WHAT THE TASK REQUIRES: Only the lines from the one containing "Gama de producto para la industria" through the last line of the entries are wanted. Transcribe them exactly.

•••••

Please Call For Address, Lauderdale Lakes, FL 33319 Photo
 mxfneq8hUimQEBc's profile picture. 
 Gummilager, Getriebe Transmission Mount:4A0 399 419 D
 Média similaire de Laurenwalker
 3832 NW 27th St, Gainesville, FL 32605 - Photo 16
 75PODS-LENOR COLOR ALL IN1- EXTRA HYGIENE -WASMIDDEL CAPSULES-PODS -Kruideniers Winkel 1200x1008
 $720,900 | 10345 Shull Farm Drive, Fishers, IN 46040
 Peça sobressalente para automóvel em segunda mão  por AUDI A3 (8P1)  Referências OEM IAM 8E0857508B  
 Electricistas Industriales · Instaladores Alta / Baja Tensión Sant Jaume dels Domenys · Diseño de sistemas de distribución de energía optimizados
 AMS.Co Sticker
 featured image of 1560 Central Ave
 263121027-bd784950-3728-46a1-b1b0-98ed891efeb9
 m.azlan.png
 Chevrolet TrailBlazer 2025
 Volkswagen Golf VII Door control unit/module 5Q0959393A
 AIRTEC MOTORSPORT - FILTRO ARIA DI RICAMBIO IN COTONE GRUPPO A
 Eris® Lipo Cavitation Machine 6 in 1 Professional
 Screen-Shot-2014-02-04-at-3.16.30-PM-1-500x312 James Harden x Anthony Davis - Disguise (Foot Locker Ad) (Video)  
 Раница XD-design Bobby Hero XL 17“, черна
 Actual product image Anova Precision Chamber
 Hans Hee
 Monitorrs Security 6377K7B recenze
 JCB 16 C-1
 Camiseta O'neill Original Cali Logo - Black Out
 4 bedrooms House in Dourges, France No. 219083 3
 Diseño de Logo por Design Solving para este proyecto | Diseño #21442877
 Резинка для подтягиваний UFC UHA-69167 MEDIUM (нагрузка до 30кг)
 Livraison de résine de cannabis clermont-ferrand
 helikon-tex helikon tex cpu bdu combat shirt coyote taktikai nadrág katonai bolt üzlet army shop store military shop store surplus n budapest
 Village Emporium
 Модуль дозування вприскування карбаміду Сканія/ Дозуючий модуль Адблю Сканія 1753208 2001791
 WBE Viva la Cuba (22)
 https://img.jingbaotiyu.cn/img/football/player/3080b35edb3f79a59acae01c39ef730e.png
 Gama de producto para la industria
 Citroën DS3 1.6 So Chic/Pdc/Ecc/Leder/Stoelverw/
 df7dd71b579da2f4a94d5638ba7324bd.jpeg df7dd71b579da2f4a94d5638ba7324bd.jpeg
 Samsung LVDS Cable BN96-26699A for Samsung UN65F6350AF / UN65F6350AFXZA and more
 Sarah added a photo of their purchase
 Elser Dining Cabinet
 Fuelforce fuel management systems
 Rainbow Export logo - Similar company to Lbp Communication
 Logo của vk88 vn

•••••

SOLUTION:
 Gama de producto para la industria
 Citroën DS3 1.6 So Chic/Pdc/Ecc/Leder/Stoelverw/
 df7dd71b579da2f4a94d5638ba7324bd.jpeg df7dd71b579da2f4a94d5638ba7324bd.jpeg
 Samsung LVDS Cable BN96-26699A for Samsung UN65F6350AF / UN65F6350AFXZA and more
 Sarah added a photo of their purchase
 Elser Dining Cabinet
 Fuelforce fuel management systems
 Rainbow Export logo - Similar company to Lbp Communication
 Logo của vk88 vn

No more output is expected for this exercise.